NEIL Lennon eviscerated referee Bobby Madden after a controversial performance by the official did much to shape the outcome of yesterday’s 1-1 draw between St Mirren and Celtic.
The result means Celtic, who have moved 13 points clear at the top, can win the Scottish Premier League title this weekend, if they defeat Hibernian and Motherwell are at the same time beaten by St Mirren. However, this possibility seemed far from Lennon’s thoughts yesterday at St Mirren Park as he ranked Madden’s display as “the most appalling refereeing performance I have seen for a long, long time”.
Lennon said he could barely believe that one official “could get so many decisions so wrong”.
The manager viewed it as further evidence of a broader slipping in standards of refereeing in Scotland, as he returned to a theme that dominated his first full season as Celtic manager. Lennon sounded eager to make contact with John Fleming, the head of refereeing development, at the earliest opportunity. “I’d like to think I’ll have a chat with John, but I’d think John will have plenty of phone calls tonight from a lot of people and plenty of emails to answer, too,” he said.
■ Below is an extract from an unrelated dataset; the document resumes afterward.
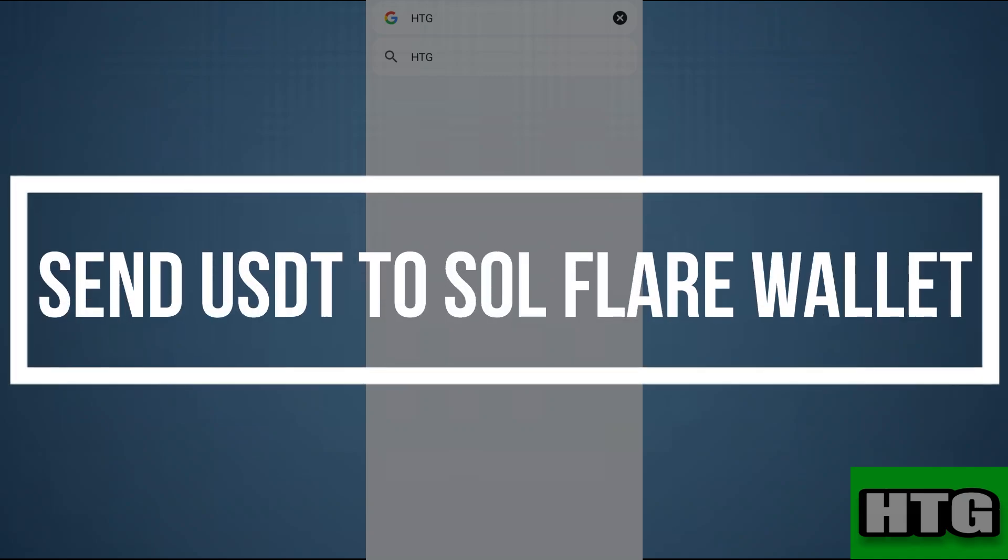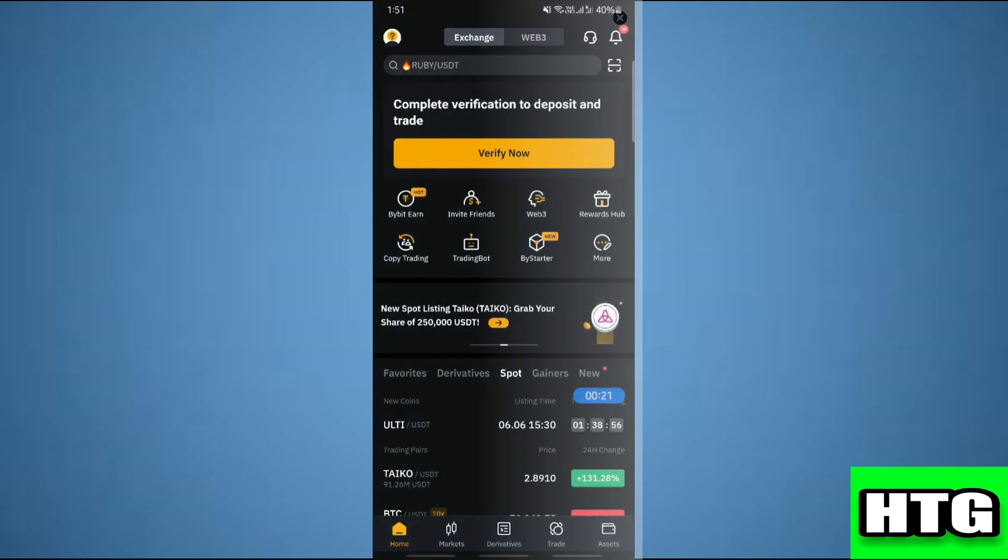How to send USDT to Solflare wallet. Hey guys, in this video I'm going to show you how you can send USDT to Solflare wallet. Make sure to watch this video till the end and let's get started.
“I am concerned about the standard of refereeing,” he added. “I’ve kept my counsel on it for a couple of months but there have been some really bizarre decisions, not just against my team but in the game generally. They have baffled me.
“It’s just been in the last couple of months but today has been by far the most blatant performance I have seen,” he added. “It was really poor.”
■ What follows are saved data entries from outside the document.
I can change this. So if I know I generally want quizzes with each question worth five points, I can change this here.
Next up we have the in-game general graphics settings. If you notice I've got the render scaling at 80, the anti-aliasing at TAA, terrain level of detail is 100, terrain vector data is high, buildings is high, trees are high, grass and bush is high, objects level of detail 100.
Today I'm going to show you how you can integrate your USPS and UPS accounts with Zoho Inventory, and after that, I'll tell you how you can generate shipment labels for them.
According to Lennon, Madden was poor for both sides, although the Celtic manager’s main gripe concerned the straight red card that was shown to Victor Wanyama, ten minutes after half-time. The midfielder was sent off for what Madden interpreted as a dangerous tackle on Paul McGowan, who later scored St Mirren’s equaliser from the penalty spot after another contentious decision.
Emilio Izaguirre’s challenge on Ismael Goncalves on 80 minutes looked to have occurred outside the box, and there was doubt whether contact had even been made. Madden was accused of trying to balance things up after he missed a hand-ball offence by Georgios Samaras in the first half. “Two wrongs don’t make a right so if he has done that then it’s even worse,” said Lennon. “The sending off is ridiculous and it’s changed the game.” The Celtic manager confirmed that the club will be appealing the red card.
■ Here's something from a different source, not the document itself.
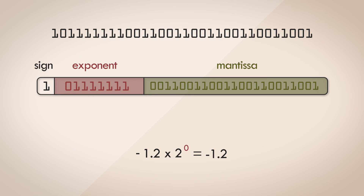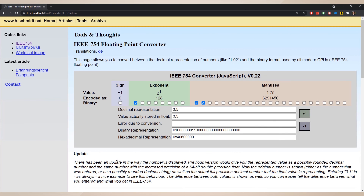It is a bit difficult to get an intuition for floating point numbers in binary form, but it's not rocket science — you just need to apply some rules. There's a website linked in the description which is a fun playground for converting between decimal and binary floating point formats. You can flip each one of the bits and see how it impacts the final number.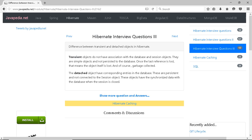Detached objects have corresponding entries in the database. These are persistent and not connected to the session object. These objects have synchronized data with the database when the session is closed.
“For me, St Mirren should have had a penalty,” Lennon added. “It was a clear handball. You don’t get many as clear-cut as that, so we dodged a bullet there. Then I see [Beram] Kayal getting wrestled into the advertising hoardings in front of the linesman and no free kick is given. Two seconds later, I’ve got a man sent off for nothing.
“The penalty St Mirren did get was outside the box and there was no contact. I’m delighted we got a point out of it, but there is no doubt the referee’s decisions ruined what could have potentially been a very good game. The sending-off changed the course of the game – and ruined it as a spectacle. Their dug-out was claiming everything. Anything that went against them, they were up in arms about it. Maybe that affected the referee’s performance, I don’t know.”
Danny Lennon, one of the occupants of that dug-out, was not quite as outspoken as his namesake afterwards, although he did admit he was “a wee bit irate” at St Mirren having a goal chalked off in the first half, after Paul Dummett was judged to have fouled goalkeeper Fraser Forster.
“There were a lot of talking points and key moments within the game but I’d rather concentrate and speak about the good things that happened,” said Lennon, on the day St Mirren paraded the League Cup won just over a fortnight ago.
“Managers, players, supporters – we can all have bad days, the same with officials,” he added. “We know the difficult job they have. Once they sit back and watch that I believe they’ll pick up one or two things that they can improve on.”